--- Assignment ---
Look through the entries below and copy exactly the part that begins with the line containing "Women's Blouses &" and ends with the line containing "AiiRZ Chân váy". Do not copy the pictures.

------------

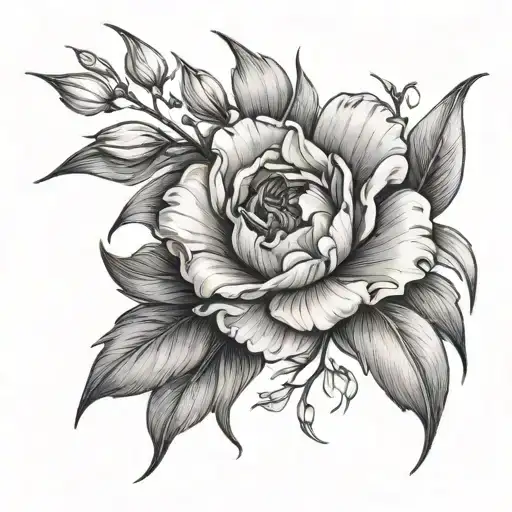 Make a tattoo with the birth flower of March and the date: 26/04/1980 tattoo design idea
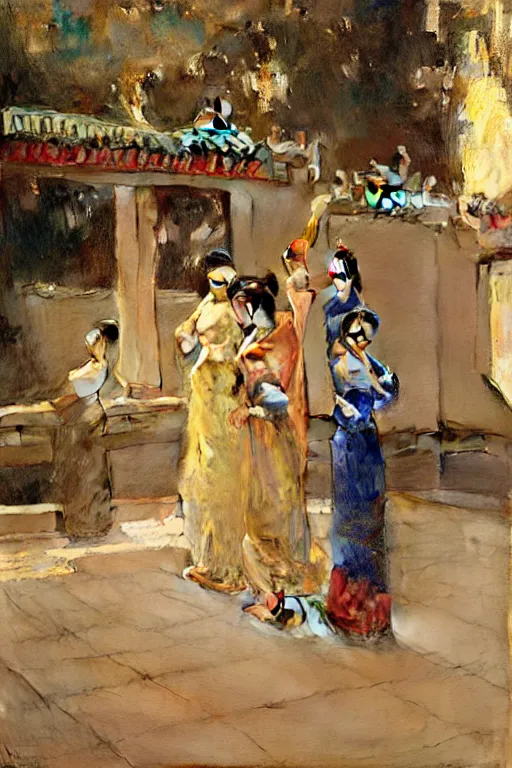 Prompt: ancient chinese palace, painting by gaston bussiere, craig mullins, j. c. leyendecker, edgar degas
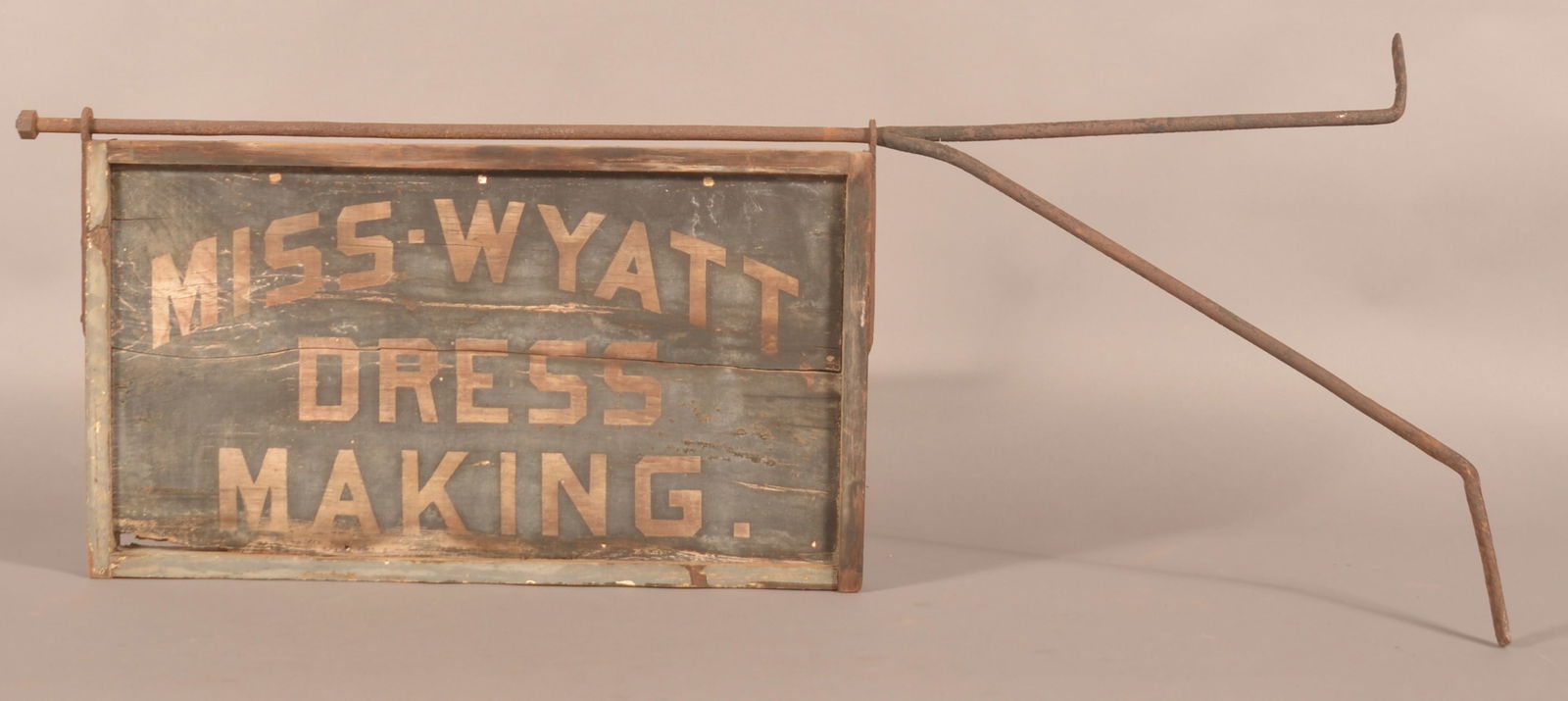 Wood Dress Making Trade Sign w/ Orig. Bracket. (1 of 5)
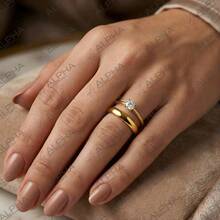 Pair Of 3mm Wedding Bands And 2mm Solitaire Ring With Gold Cubic Zirconia, For Wedding, Engagement, And Couples - Sophisticated - Gold - View 2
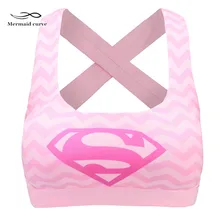 Женский сексуальный спортивный бюстгальтер с эффектом русалки, с эффектом пуш-ап, ударопрочный жилет для йоги, Капитан Америка, Супермен, для бега, спортзала, фитнеса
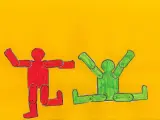 Deux bonhommes articulés, un rouge et un vert, dansent sur fond jaune, évoquant l'énergie joyeuse de Keith Haring.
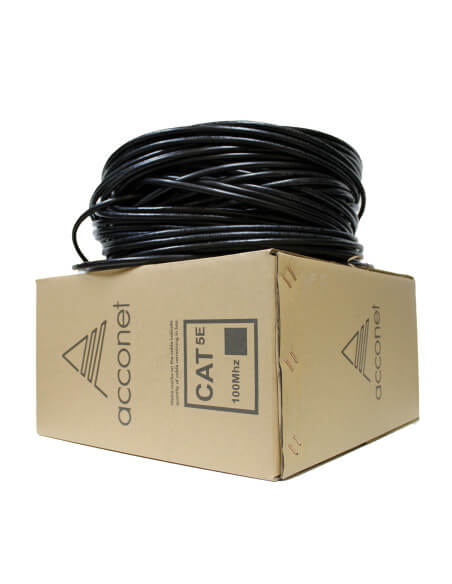 Acconet 100m roll of black solid copper CAT5e cable designed for outdoor use, UV protected and suitable for SF/TP applications.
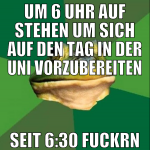 um 6 uhr auf stehen um sich auf den tag in der uni
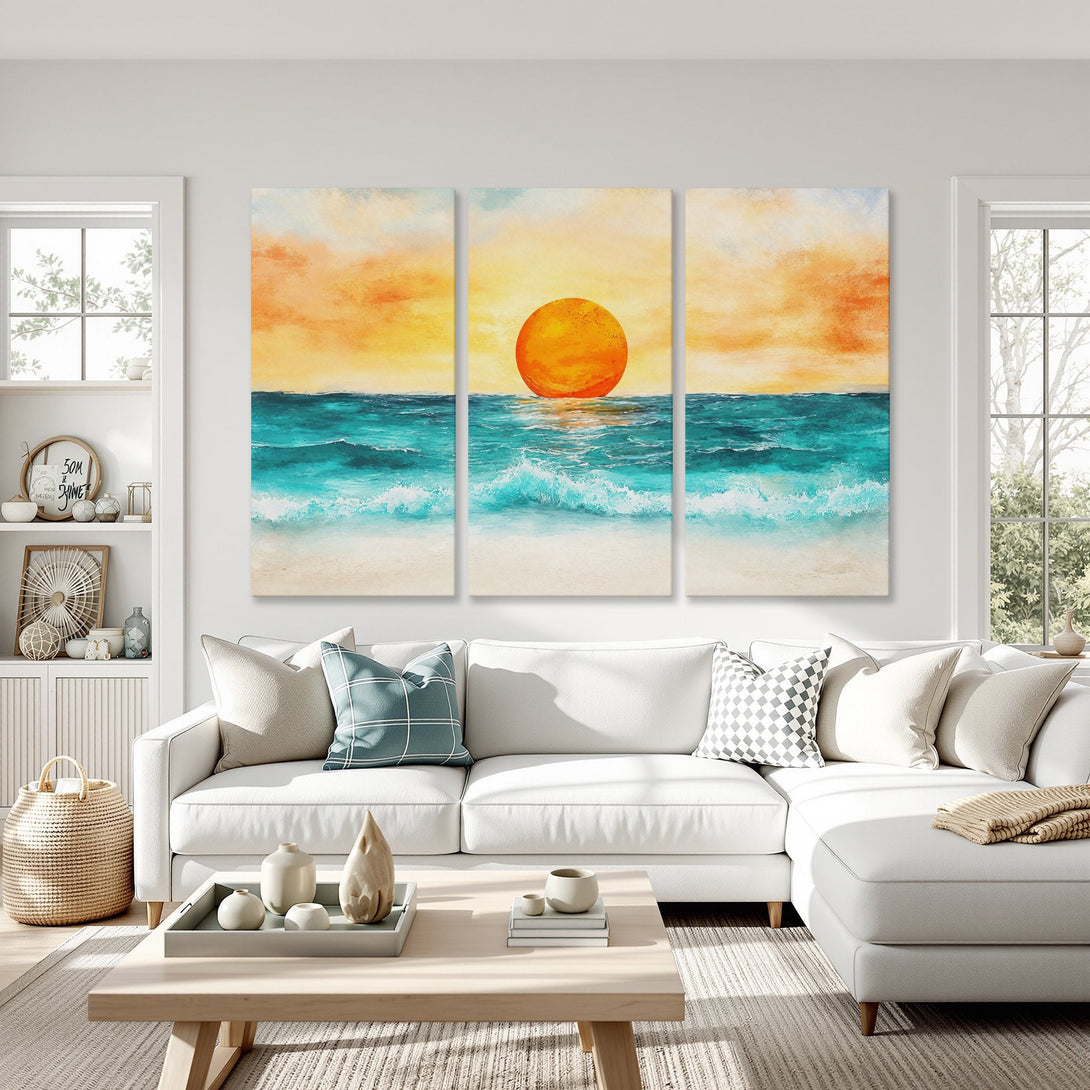 Canvas Print of a sunset over the ocean. Coastal art with vibrant orange, turquoise, and yellow hues. Perfect for adding a touch of serenity to your home.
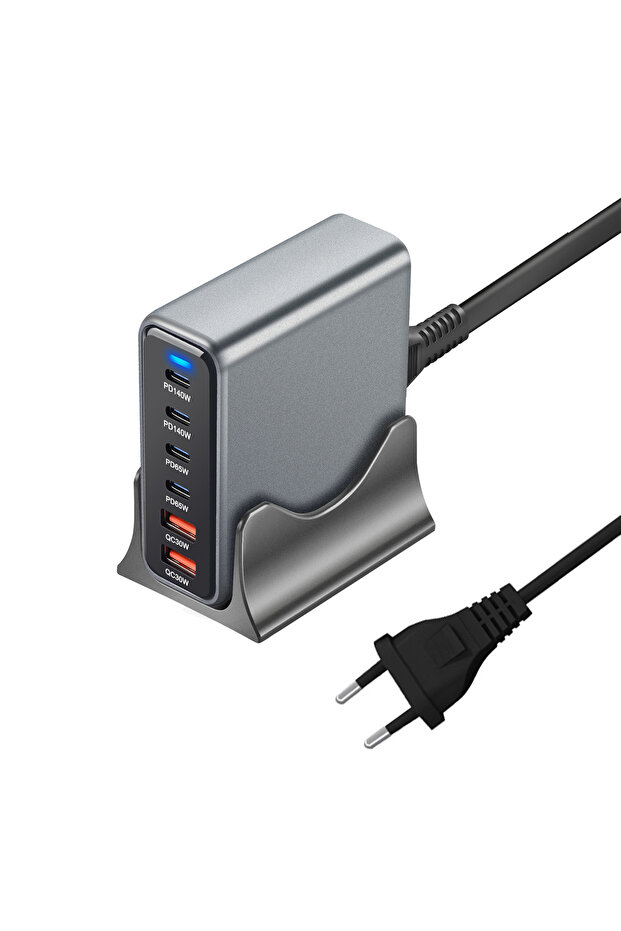 شاحن سطح مكتب GaN بستة منافذ بمقبس أوروبي، بقوة 470 واط، وشحن سريع 4C2A USB-C PD للهواتف والأجهزة اللوحية وأجهزة الكمبيوتر المحمولة
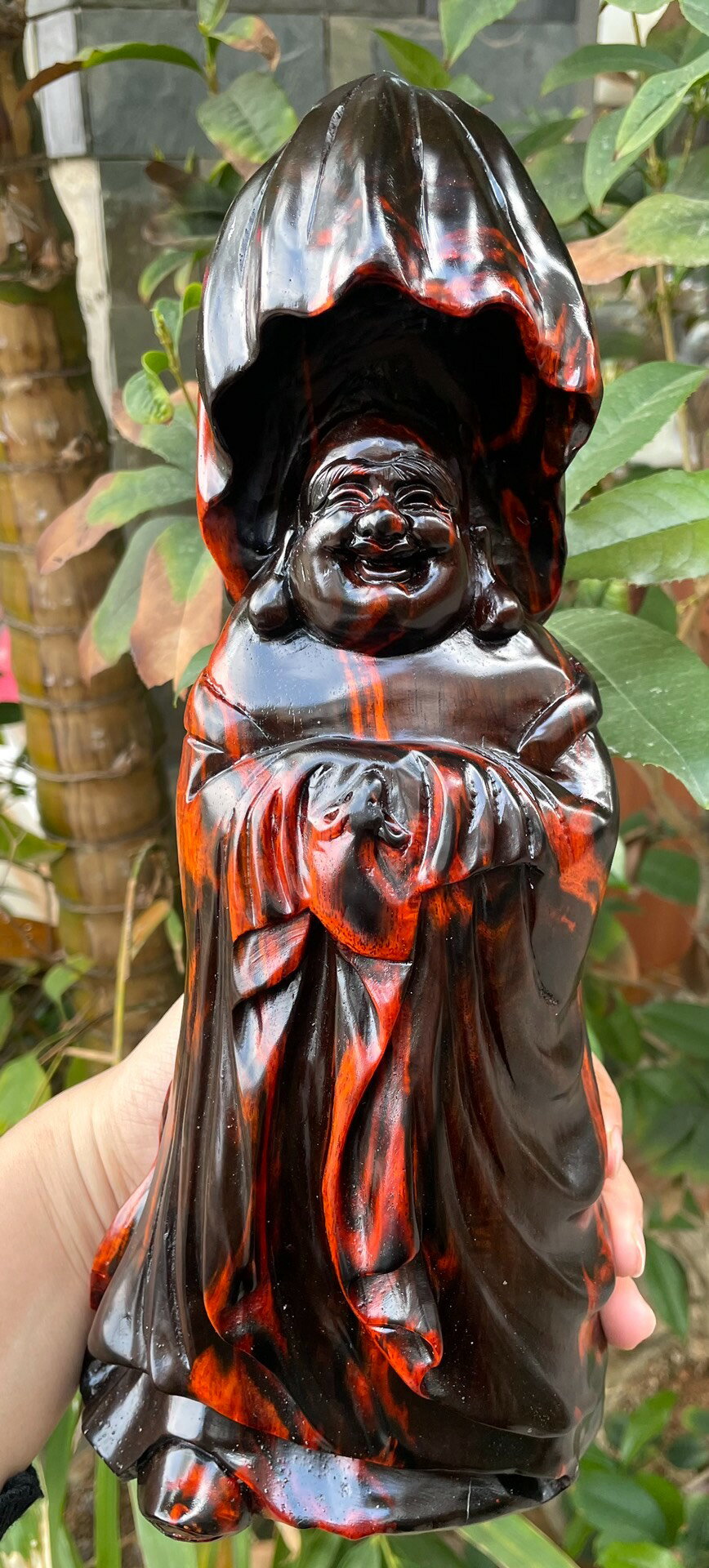 紅黑老料大紅酸枝紅木彌勒佛 根雕酸枝木一團和氣佛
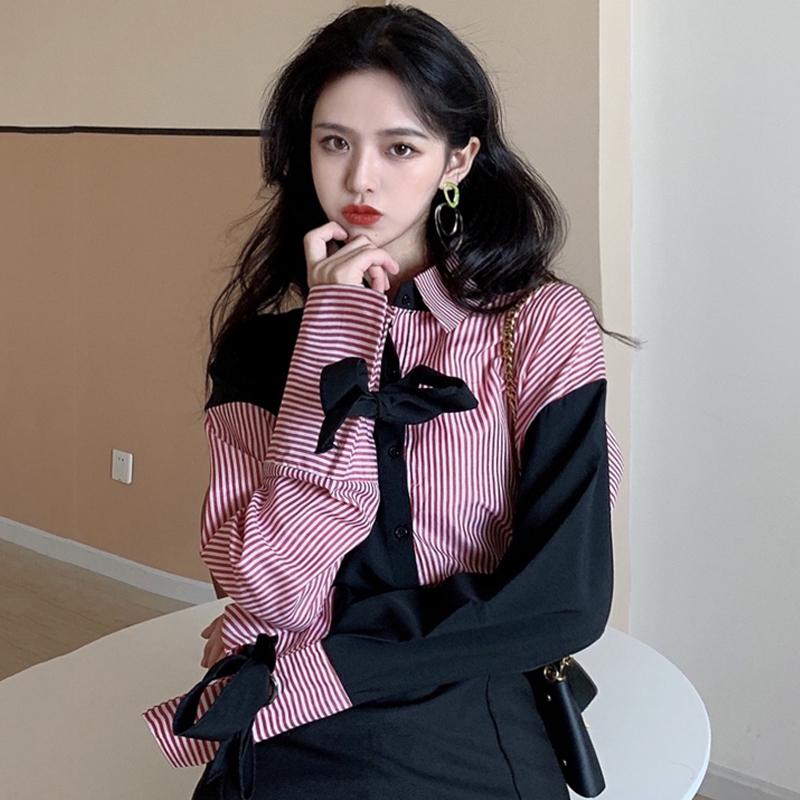 

Women's Blouses & Shirts Loose Spring Autumn Striped Fashion Brand Hipster Clothing Tops Turn-down Collar Long Sleeve, Black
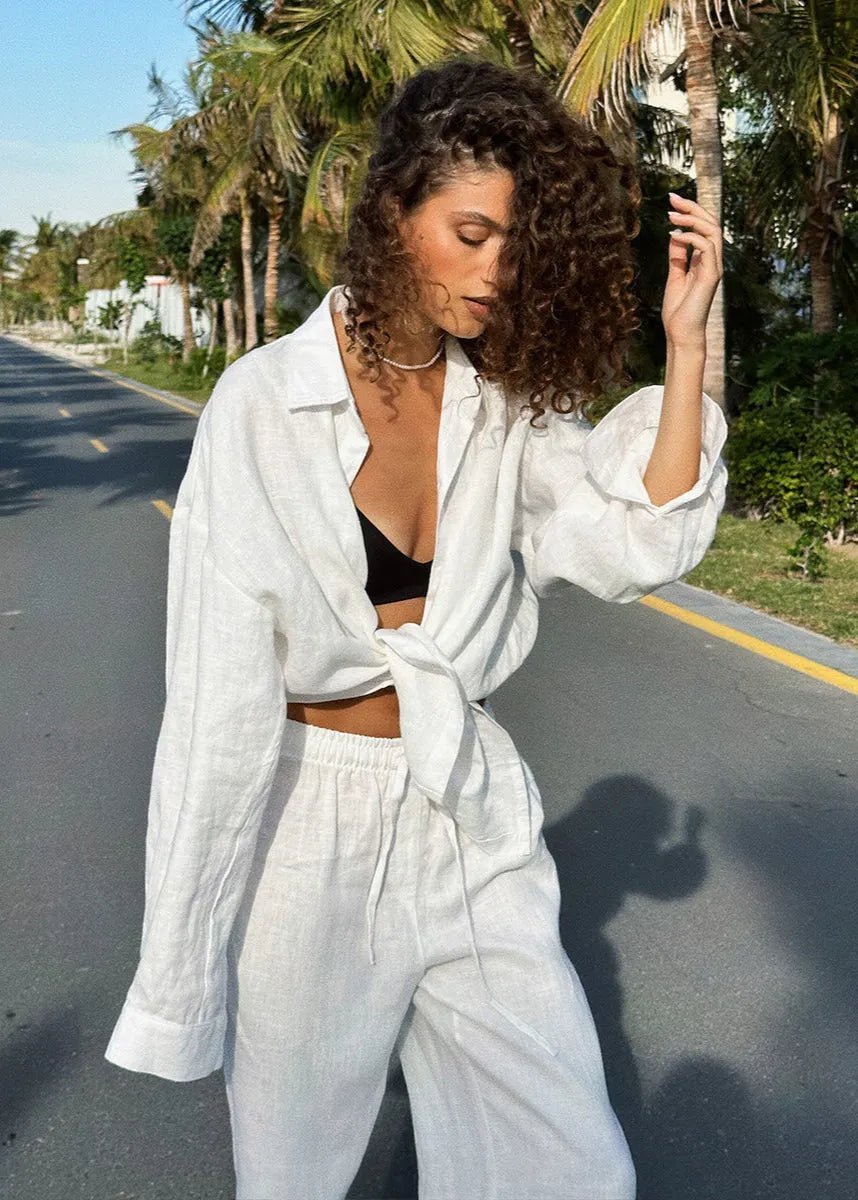 Conjunto de camisa de algodón y pantalones de estar por casa Sophia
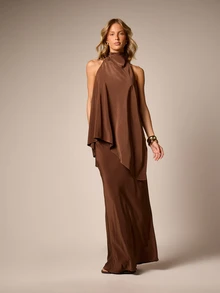 AiiRZ Chân váy maxi satin chi tiết bèo bên hông, dáng dài chạm đất, cắt xéo, váy slip thanh lịch cho tiệc tối - màu nâu - Xem 6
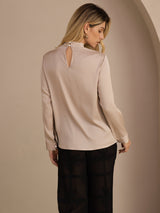 [Coffee] SilkSilky-UK Long Sleeve Stand Collar Women's Blouse 002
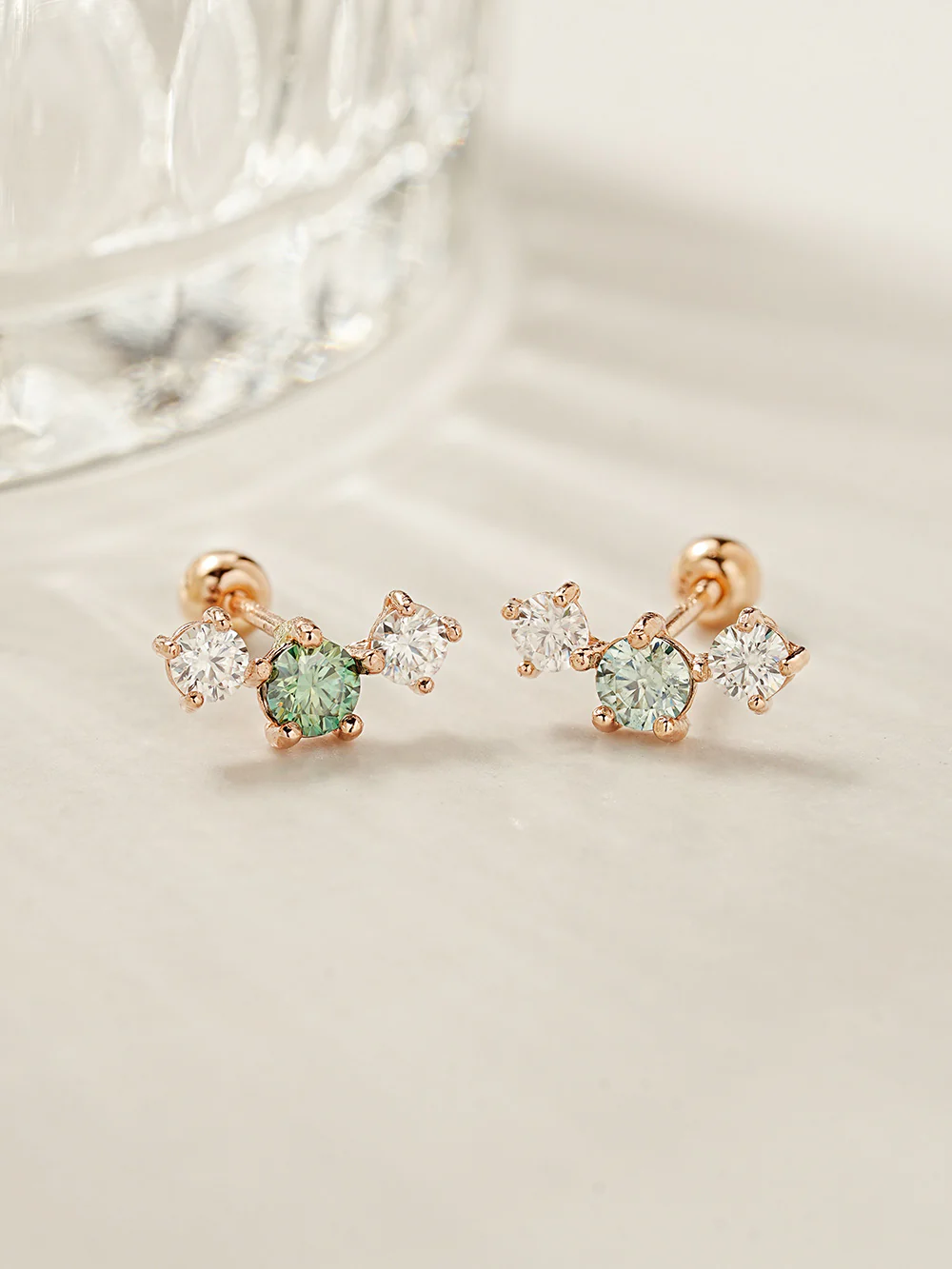 14K Gold Moissanite Triple Color Dia Cartilage Earring 20G18G16G - Image 7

------------

--- Your solution ---
Women's Blouses & Shirts Loose Spring Autumn Striped Fashion Brand Hipster Clothing Tops Turn-down Collar Long Sleeve, Black
 Conjunto de camisa de algodón y pantalones de estar por casa Sophia
 AiiRZ Chân váy maxi satin chi tiết bèo bên hông, dáng dài chạm đất, cắt xéo, váy slip thanh lịch cho tiệc tối - màu nâu - Xem 6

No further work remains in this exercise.